Crawled caption data:

==*==

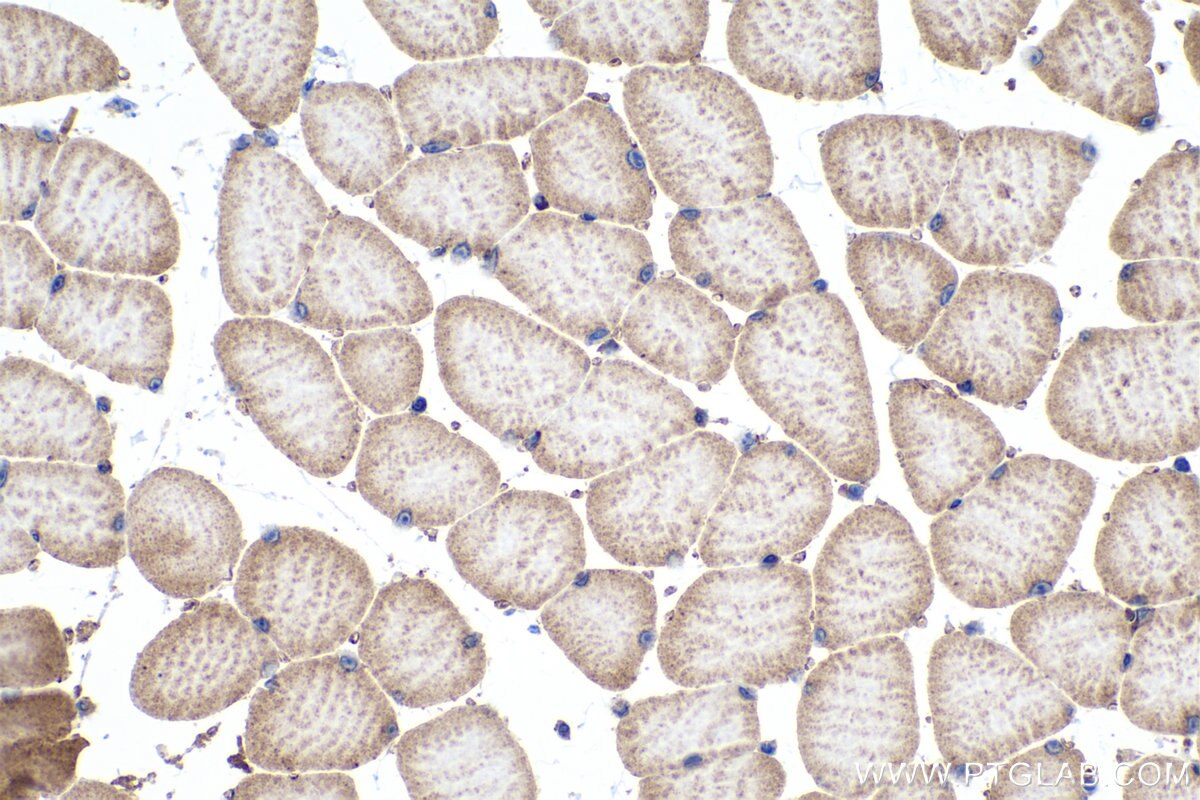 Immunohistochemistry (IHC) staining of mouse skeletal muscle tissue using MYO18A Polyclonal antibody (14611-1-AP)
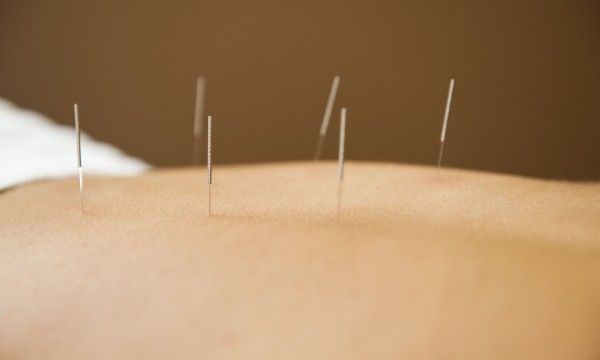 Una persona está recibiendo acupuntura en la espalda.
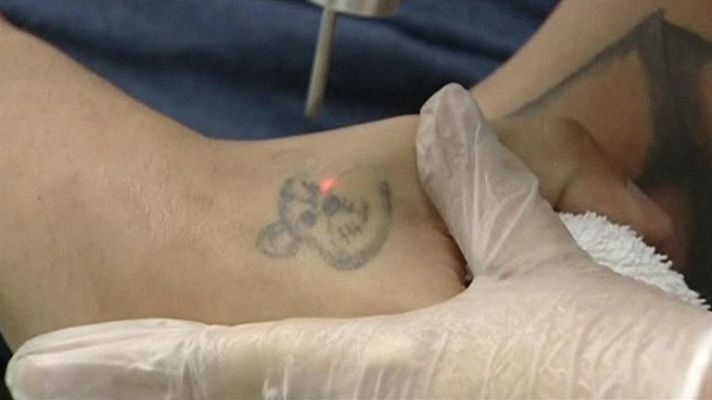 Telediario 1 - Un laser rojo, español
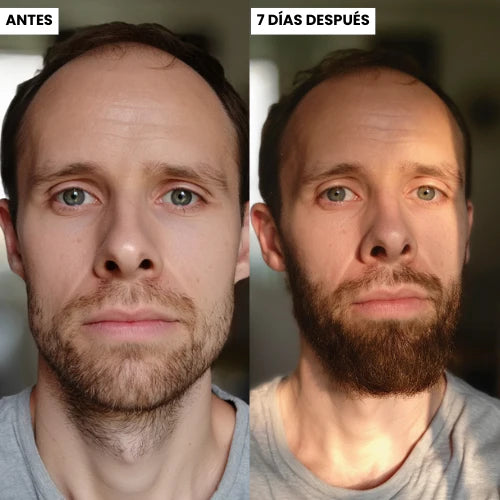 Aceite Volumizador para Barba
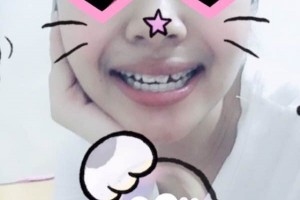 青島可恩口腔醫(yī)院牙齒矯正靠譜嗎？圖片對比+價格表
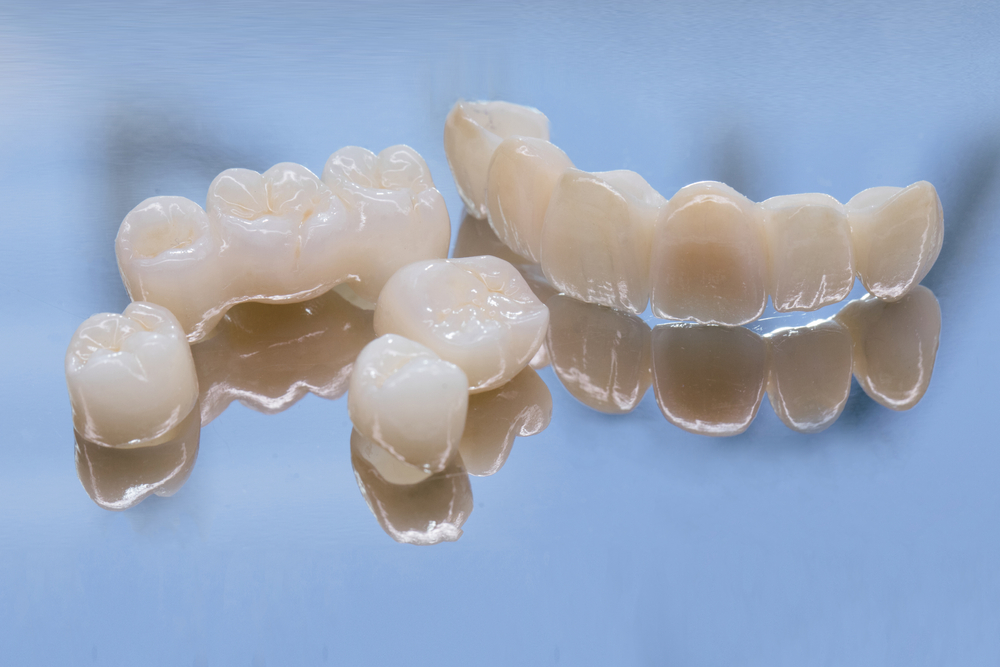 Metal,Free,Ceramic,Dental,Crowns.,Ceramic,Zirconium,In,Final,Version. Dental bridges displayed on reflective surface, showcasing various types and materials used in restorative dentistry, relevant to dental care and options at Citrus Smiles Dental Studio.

==*==

Without including the pictures, reproduce all entries exactly.

### Written answer
 Immunohistochemistry (IHC) staining of mouse skeletal muscle tissue using MYO18A Polyclonal antibody (14611-1-AP)
 Una persona está recibiendo acupuntura en la espalda.
 Telediario 1 - Un laser rojo, español
 Aceite Volumizador para Barba
 青島可恩口腔醫(yī)院牙齒矯正靠譜嗎？圖片對比+價格表
 Metal,Free,Ceramic,Dental,Crowns.,Ceramic,Zirconium,In,Final,Version. Dental bridges displayed on reflective surface, showcasing various types and materials used in restorative dentistry, relevant to dental care and options at Citrus Smiles Dental Studio.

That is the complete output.